Followers

Wednesday 30 August 2017

Villains

Villains. They make the role-playing world go round. Having a simple villain, a giant is never much fun. Where is the denouement. Exposition tends to be a bit limited. Grinding bones to make their bread etcetera. It’s a good one off but then you have to come up with a new bad guy every week. This become a whole load of work and the lines seem to be the same.

The recurring villain is still going to have mostly the same lines but the can morph into something else. I think it can be even better when you can get a friend to become an enemy. To paraphrase “no Mr Frodo, I expect you to die”. But to be honest, the ones that are born bad are probably the best.

I like to have a few bad guys and I take my queue from the movies. There are minions to work your way through Then there are the henchmen. Every bad guy has to have at least one. Having watch the Arnie Conan film recently, I think he had three. Henchmen need a gimmick, be it a iron Frisbee hat, a quadruple bladed axe or a nazgul. This says something about how they are played and how you engineer your battles to make the most of them. If you can work it so every player gets a low powered magic item then all well and good.
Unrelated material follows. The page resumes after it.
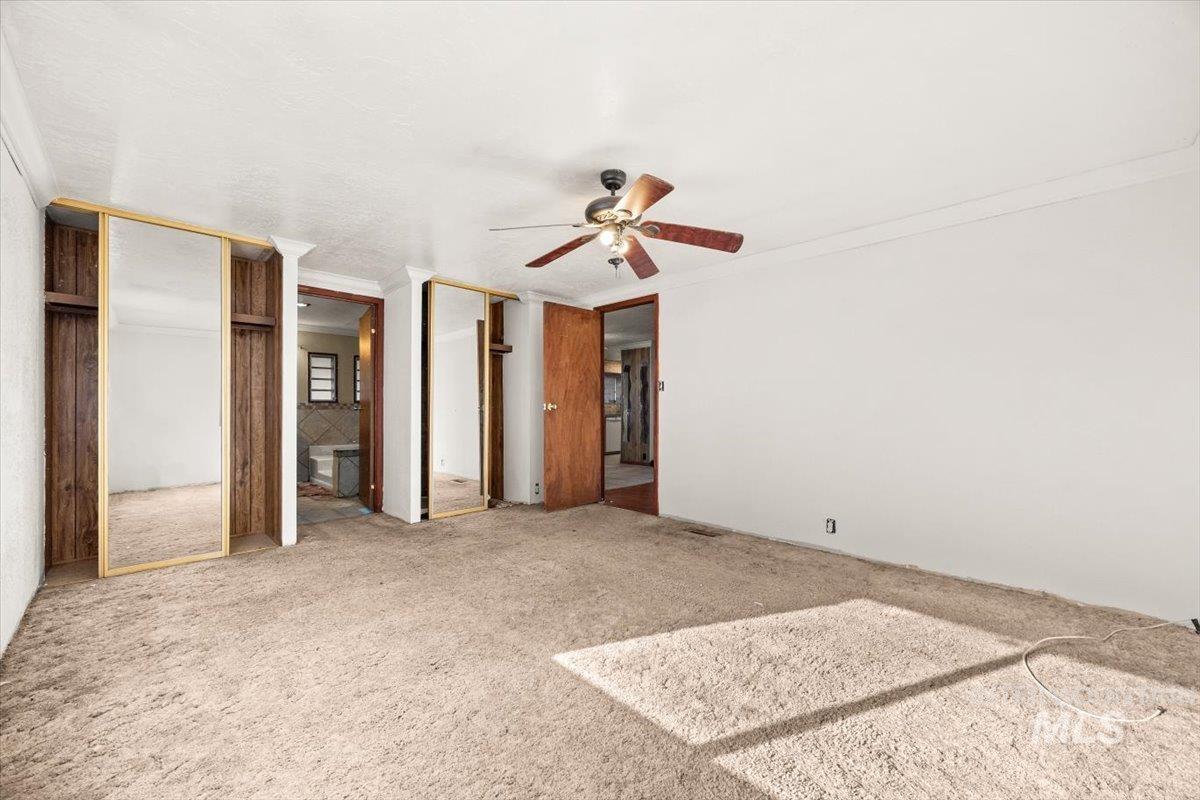 Unfurnished bedroom with carpet, crown molding, a ceiling fan, ensuite bathroom, and multiple closets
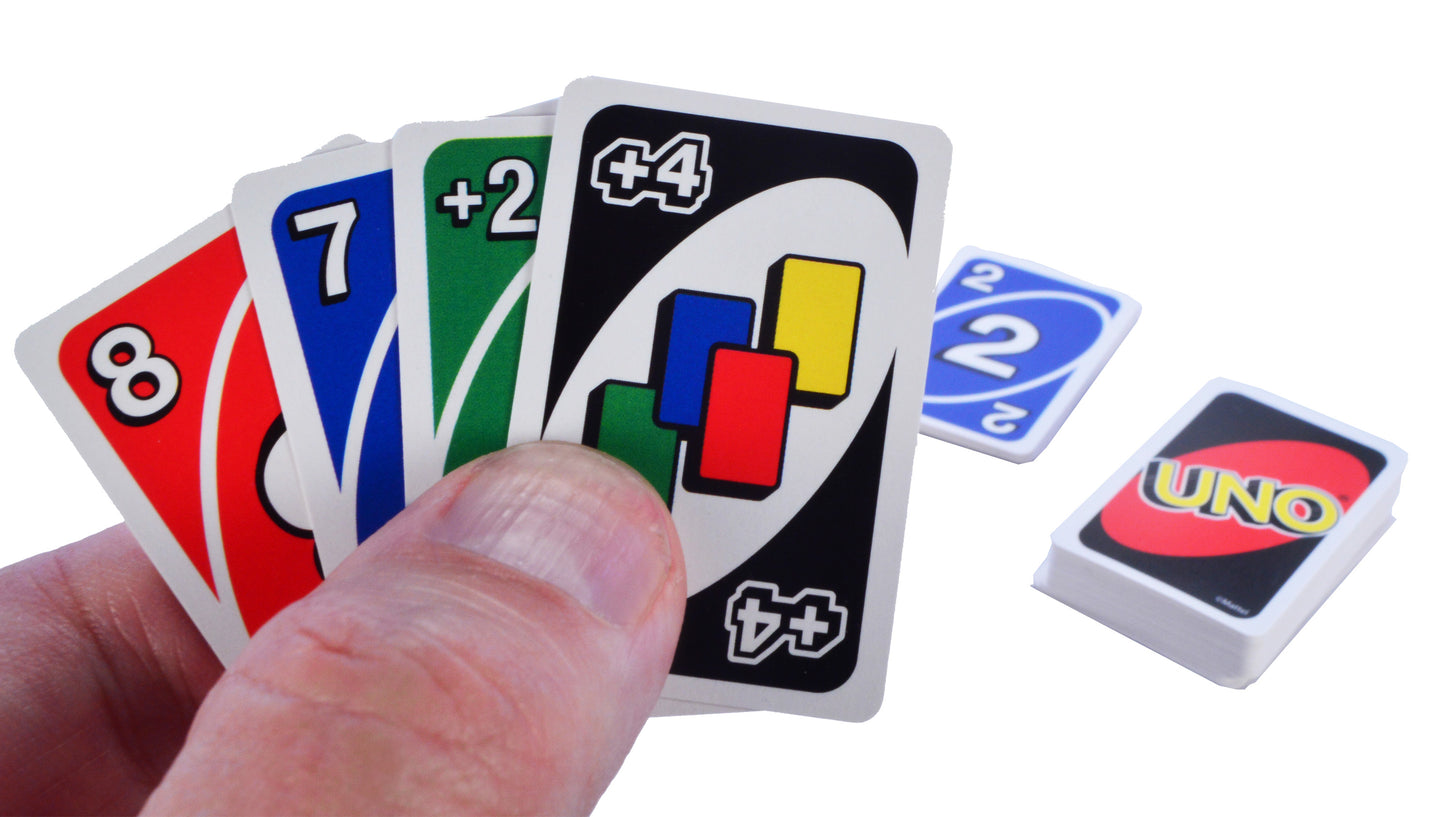 hand holding uno cards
Today I have taken to writing out a character for the major villain in the Viking Game. The thing about the big villain is that they need to be remote, at least to start with. I don’t mean totally isolated but at more than arms length. In a fantasy game the bad guy should be hopefully beyond bow range as well. If you think in terms of Darth Vader from Star Wars you might see what I mean. It’s not like he hides from the heroes but he does chose when to make an appearance. The good guys either have too many targets to shoot at, don’t have enough weapons to do any damage or are completely unarmed.

Villains need a simple purpose. To quote Pinky and the Brain “What are we going to do tonight Brain?” To which the only answer is “The same thing we do every night Pinky, try to take over the world”. It is pretty much mandatory trait for every Bond villain. Scince fiction allows an even bigger scope and a whole galaxy can be at stake. My villain has a smaller goal, he wants control of the Norselands. Eventually there may be more. Some may even want a little less. Good guys leave a trail of destruction behind them. Just ask The Avengers. Some villains may just want the party dead or may be make them suffer before they die.
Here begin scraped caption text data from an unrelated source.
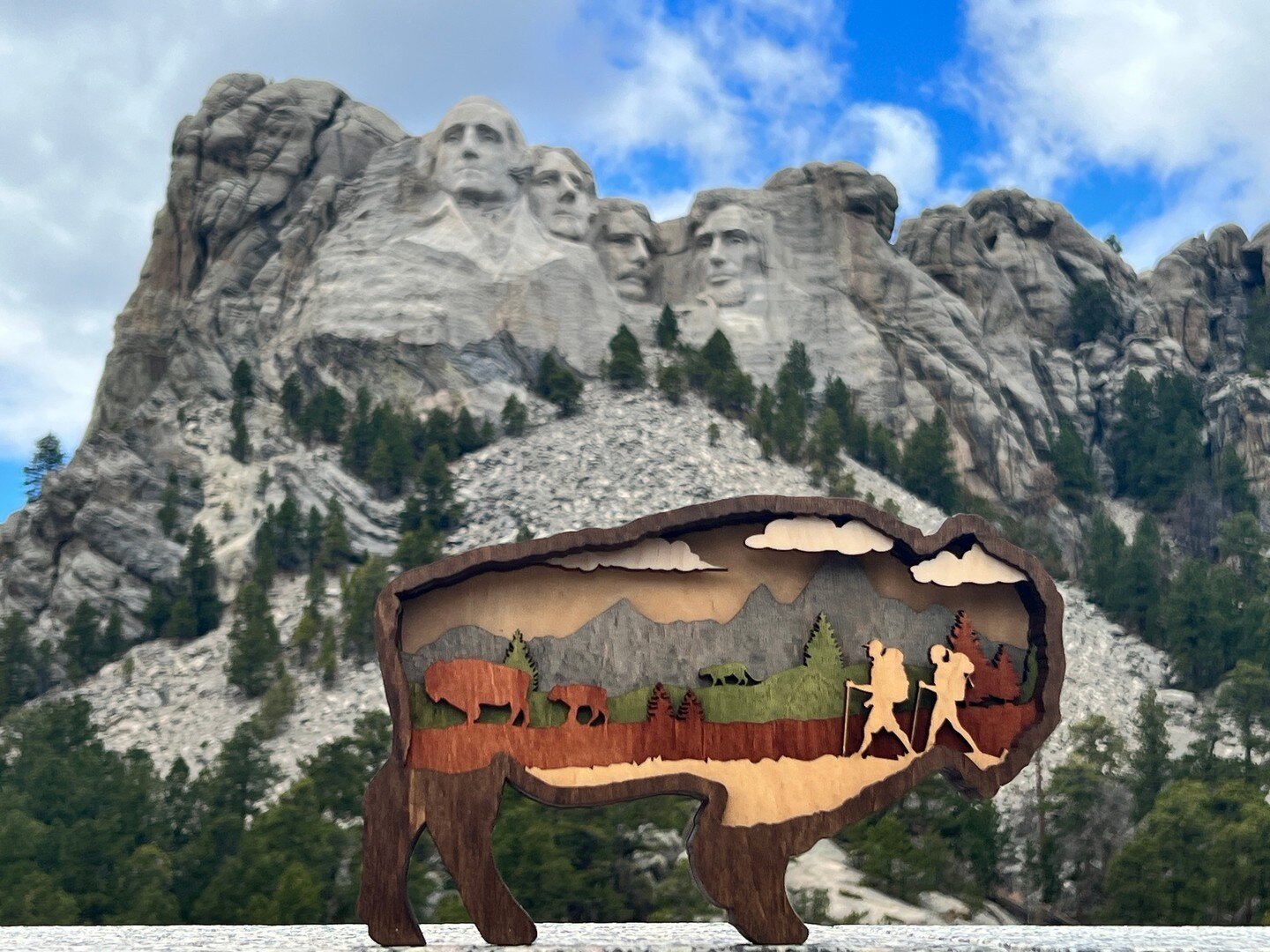 In a place where history and nature come together in such a profound way, it only seems fitting to bring along a piece of our own art 🎨🌅 Our 3D multi-layered bison represents the beauty and wonder of the American West.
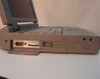Toshiba Satellite Pro 435CDS right side — port door open showing DB-9 serial and DB-25 parallel ports, 1.44MB floppy drive bay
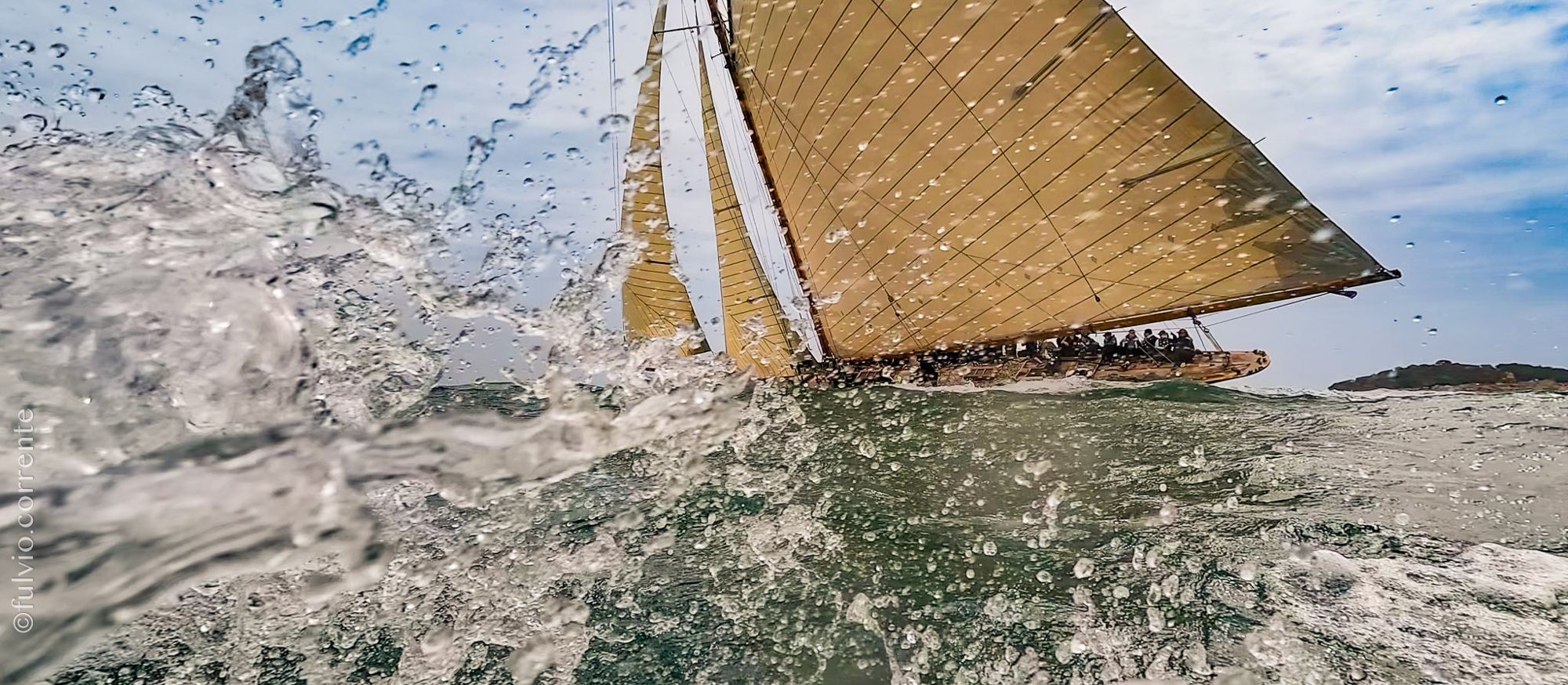 Voilier classique aux voiles dorées fendant les vagues dans les éclaboussures.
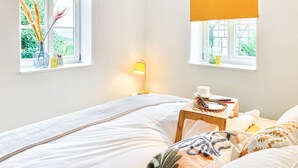 Une chambre à coucher avec un lit, une table de chevet avec une lampe, une fenêtre donnant sur un paysage verdoyant et un vase contenant des plantes séchées.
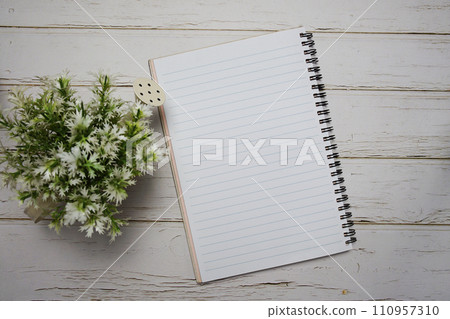 Top view of Empty Notebook open on wooden background 110957310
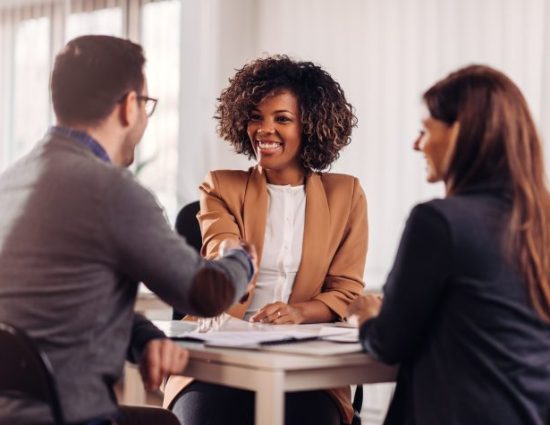 candidate shakes hands with employees in interview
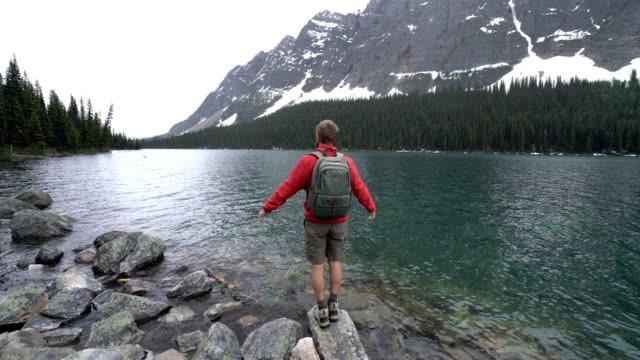 Excursionista-celebrando-por-lago-de-montaña,-4K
If the henchmen need a gimmick, then the villain needs more. Ideally a magic item designed for every player in the party. Some of those gimmicks should be none transferable. You don’t want to give the players too much or they will walk all over the next set of bad guys.

The villain will work even better if they don’t die too quickly. Give the villains, and their more entertaining henchmen an exit stratergy. A ring of invisibility is always good and so are clones, doppelgängers. Situational options are also a good call. Imagine if Moriaty didn’t die at Reichbanken Falls.

Sooner or later the bad guy has to die. It’s always good when you have a plan for this. If he is going to go out, make it memorable. You have seen it happen in the movies dozens of times. The players need to try and try again. The biggest baddest bad guys should always push the players to their limits. Every player should be a step or tow away from death before that final whistle blows.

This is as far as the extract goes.